Remember that you can loop over the files like this:

for i in range(160):
    filename = f'cp/ex08/files/experiments/experiment_{i:03}.csv'
    data[i] = np.loadtxt(filename, delimiter=',')

This will be the only time today you need to use a for-loop.

Remember to preallocate your numpy array before the loop.

Once you have loaded the data, we want to find the time-point when the threshold was exceeded for each experiment. Write a function threshold_exceeded(), that takes the data as input and returns a 1D array containing the time-point when the threshold was exceeded for each experiment.

Plot a histogram of when a certain threshold was exceeded. You can use the function plt.hist() to plot a histogram. Try if you can get a histogram that looks like this:

histogram

Histogram of when the threshold was reached for each experiment.#

Add your functions to the file cp/ex11/bacterial_growth.py and run the tests to check if your functions are correct.

cp.ex11.bacterial_growth.load_data()#

Load data from 160 files into one array. Files are located in cp/ex11/files/experiments.

Return type

ndarray

Returns

The data from the files in one array.

cp.ex11.bacterial_growth.threshold_exceeded(data, threshold)#

Return the index at which the threshold is exceeded for each experiment.

Parameters
  • data (ndarray) – The data to search.

  • threshold (float) – The threshold to compare against.

Return type

ndarray

Returns

The index at which the threshold is exceeded for each row.

Exercise 11.8: Bacteria - Average growth curve#

Calculate the mean and standard deviation for each time point (i.e., each column).

Implement the functions get_mean() and get_std() in the file cp/ex11/bacterial_growth.py to run the tests.

Plot the mean and std. Try to make a plot that looks like this:

histogram

Mean growth curve with standard deviation.#

cp.ex11.bacterial_growth.get_mean(data)#

Calculate the mean of the data.

Parameters

data (ndarray) – The data to calculate the mean of.

Return type

ndarray

Returns

The mean of the data for each time-point.

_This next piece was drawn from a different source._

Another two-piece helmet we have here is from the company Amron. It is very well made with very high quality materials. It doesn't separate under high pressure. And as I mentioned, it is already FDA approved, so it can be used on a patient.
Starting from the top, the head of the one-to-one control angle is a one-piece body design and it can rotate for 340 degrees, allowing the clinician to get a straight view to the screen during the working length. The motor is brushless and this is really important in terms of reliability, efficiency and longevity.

cp.ex11.bacterial_growth.get_std(data)#

Calculate the standard deviation of the data.

Parameters

data (ndarray) – The data to calculate the standard deviation of.

Return type

ndarray

Returns

The standard deviation of the data for each time-point.

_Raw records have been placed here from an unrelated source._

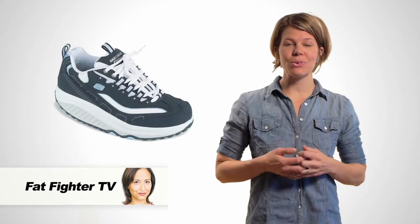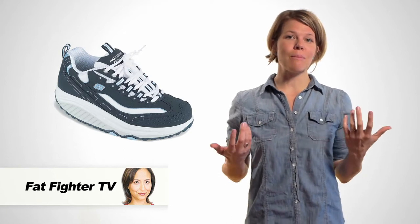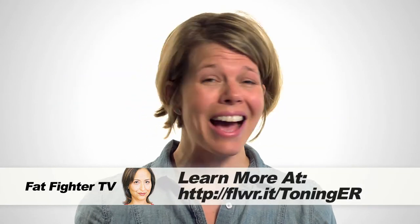Over at Fat Fighter TV, our partners are sharing with us a new study about toning shoes, or the shape-up style rocker bottom shoes. I'm sure you've seen them, or maybe you own a pair, or maybe you've been thinking about buying one. Well, here's the deal: despite their huge popularity, they are actually not worth the trouble.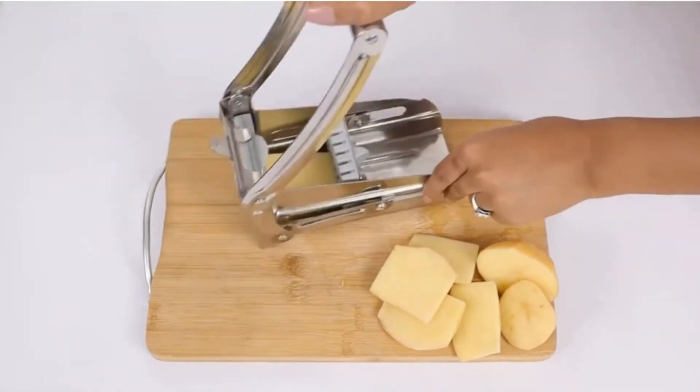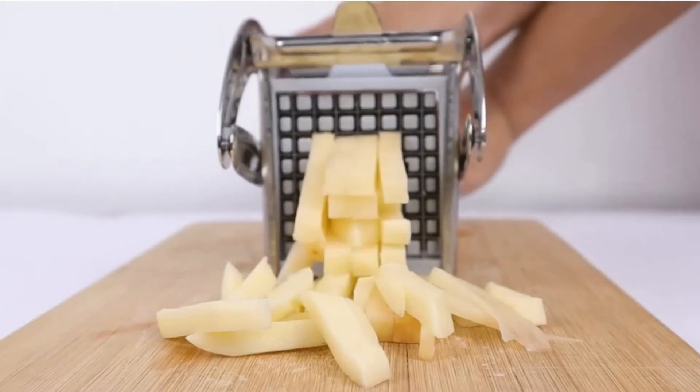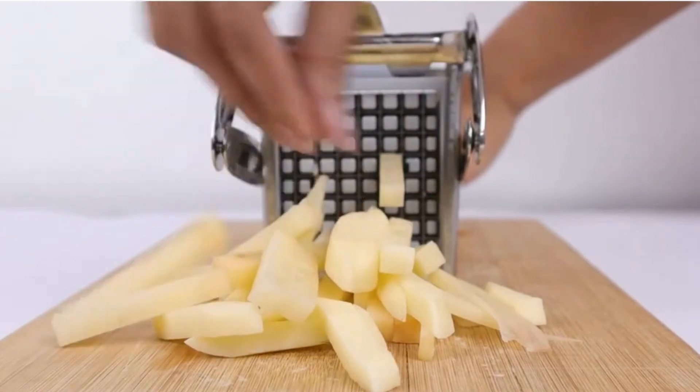The machine has non-slip rubber feet and removable parts for easy cleaning. It also comes with interchangeable cutters to cut 36 or 64 fries at a time. This chipser is made of robust plastic and stainless steel.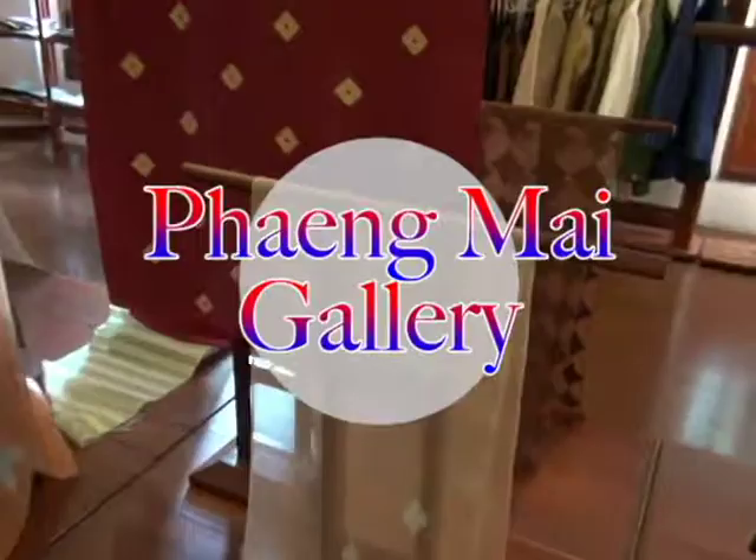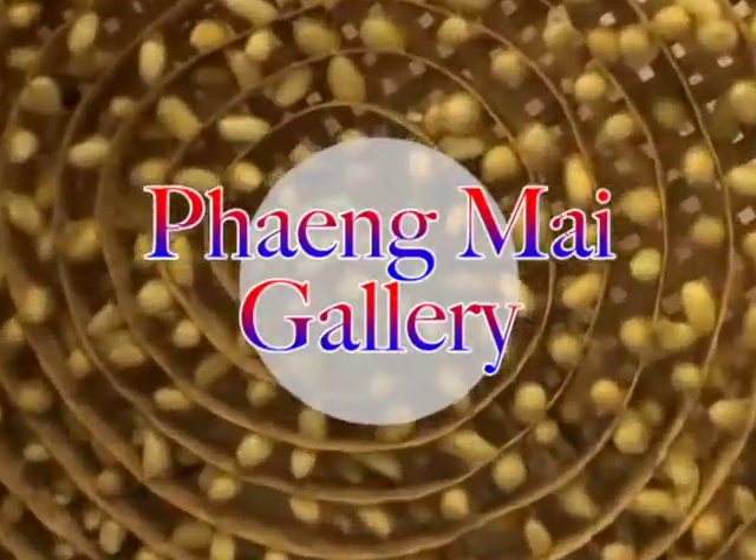This is Mrs. Panom Tha Bang. She is the national artist for weaving. It was a pride of the Lao women.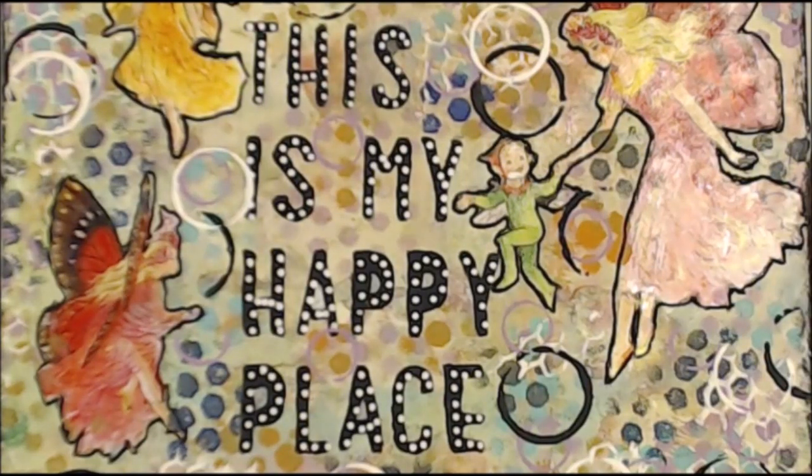Kia ora, welcome to my happy place. If you like today's video, please give me a thumbs up, leave a comment so I know that you've been, don't be shy, and please enjoy.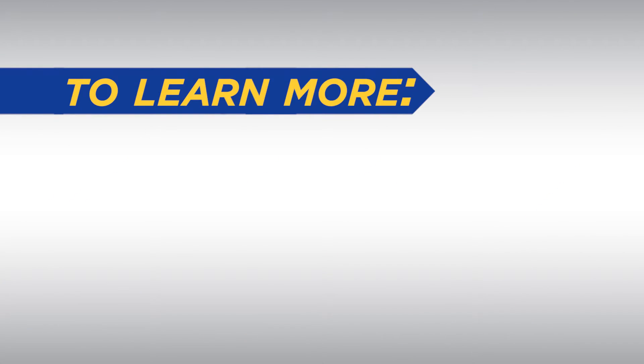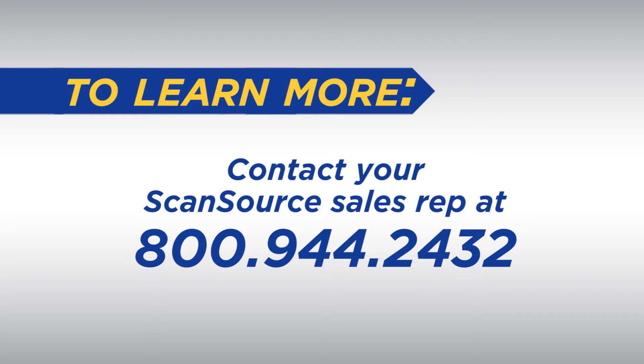To learn more about Zebra OneCare service packages for mobile computers, printers, and scanners, contact your ScanSource sales rep at 800-944-2432.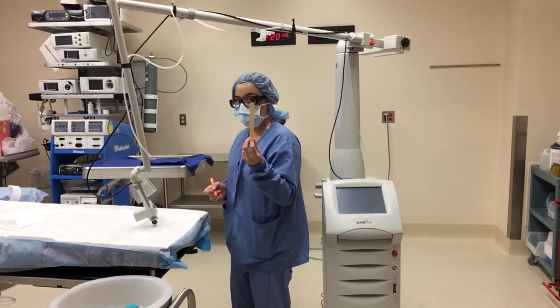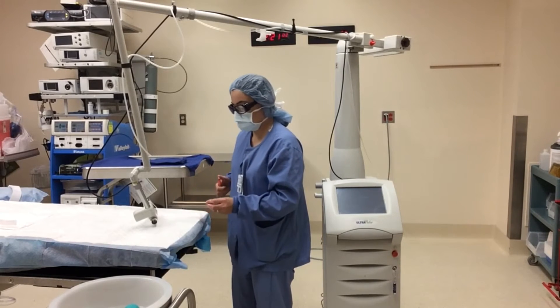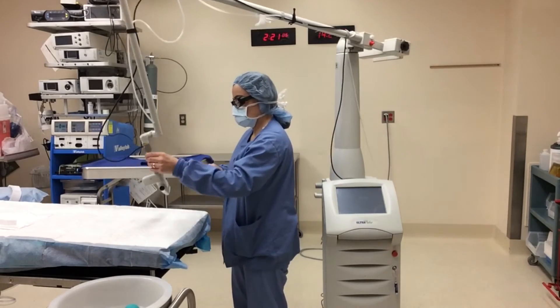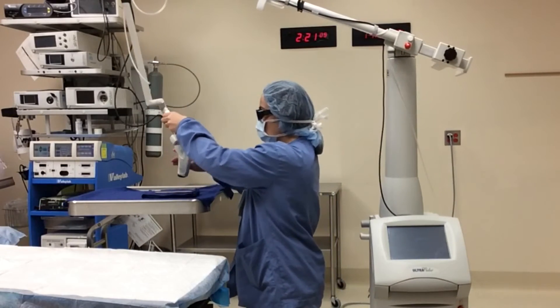We will test the laser beam on a moist tongue depressor. An X marks the spot and will help guide the laser beam. Test fire on an area such as a mayo stand with moist towels.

Exercise 11.9 Bacteria - Outliers#

Continuing with the bacteria data, we will now look for outliers. An outlier is a data point that stands out significantly from the rest of the data.

Here we will identify outliers, by looking at the bacteria count at the last time-step across all experiments.

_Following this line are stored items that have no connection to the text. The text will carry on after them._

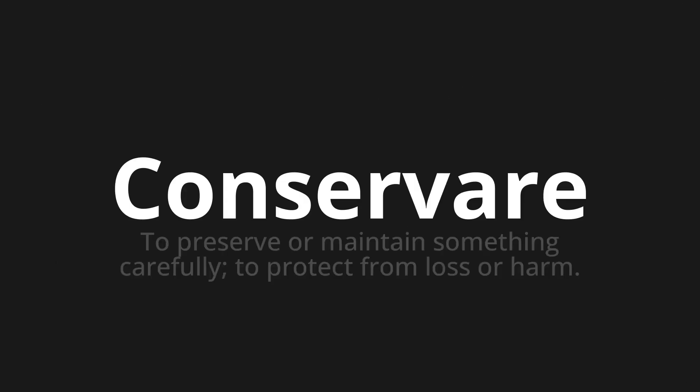Welcome to this pronunciation video. Today we will be focusing on a new word that you might find challenging or entreating. So let's dive into today's word: Conservare, which means to preserve or maintain something carefully, to protect from loss or harm.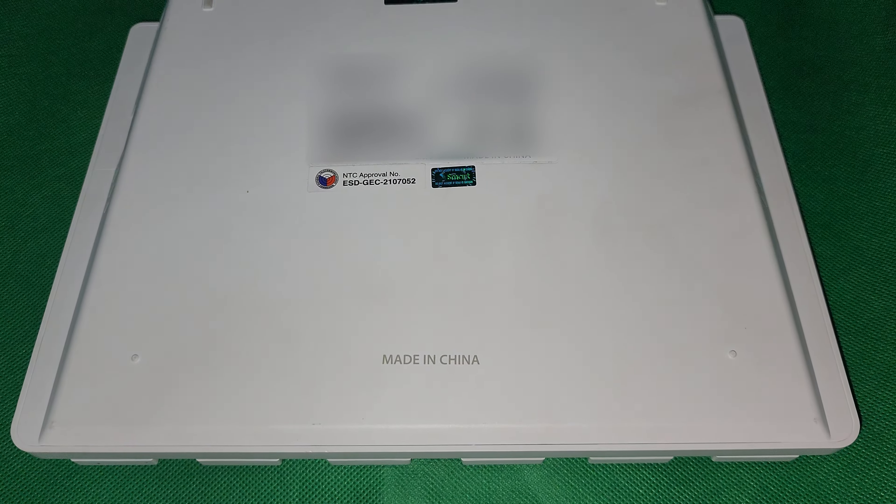At the bottom, it has the labels that contain the default Wi-Fi password and some warranty stickers.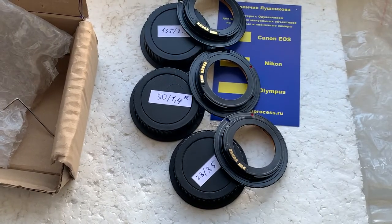Today I'll package your adapters and send them to you on Monday from Slovakia. Thank you for your order and thank you for your attention.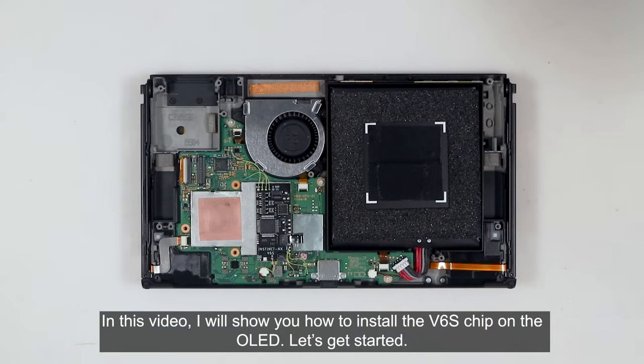In this video, I will show you how to install the V6S chip on the OLED. Let's get started.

An experiment is considered an outlier if its final bacteria count, is more than two standard deviations from the mean of all experiments’ final counts. You can use the function get_mean() and get_std() from the previous exercise to calculate the mean and standard deviation.

Therefore, you should write a function that examines data and returns a numpy array with the experiment index (the number in the filename) of the outlier experiments.

The function should be able to handle data of any size, that is any number of experiments and any number of time-steps.

You can use np.where to convert from a boolean array to an array of indices.

Add your function to the file cp/ex11/outliers.py to be able to test and hand-in your solution.

cp.ex11.outliers.outliers(data)#

Return the outliers of a dataset.

Parameters

data (ndarray) – The data to search.

Return type

ndarray

Returns

The outliers of the data.

Exercise 11.10 Image Area#

Here is an image of the bacteria, located in cp/ex11/files/bacteria.npy We want to calculate how much of the image is covered by bacteria. We consider only pixels with a value over 100 to be bacteria.

(Source code, png, hires.png, pdf)

../_images/ex11-3.png

Add your function to the file cp/ex11/bacterial_area.py to be able to test and hand-in your solution.

cp.ex11.bacterial_area.bacterial_area(npy_path)#

Calculate the fraction of the image where pixel intensities are greater than 100.

Parameters: :type npy_path: str :param npy_path: Path to the image data file in NumPy format. :rtype: float :return: The fraction of area in an image where there are bacteria.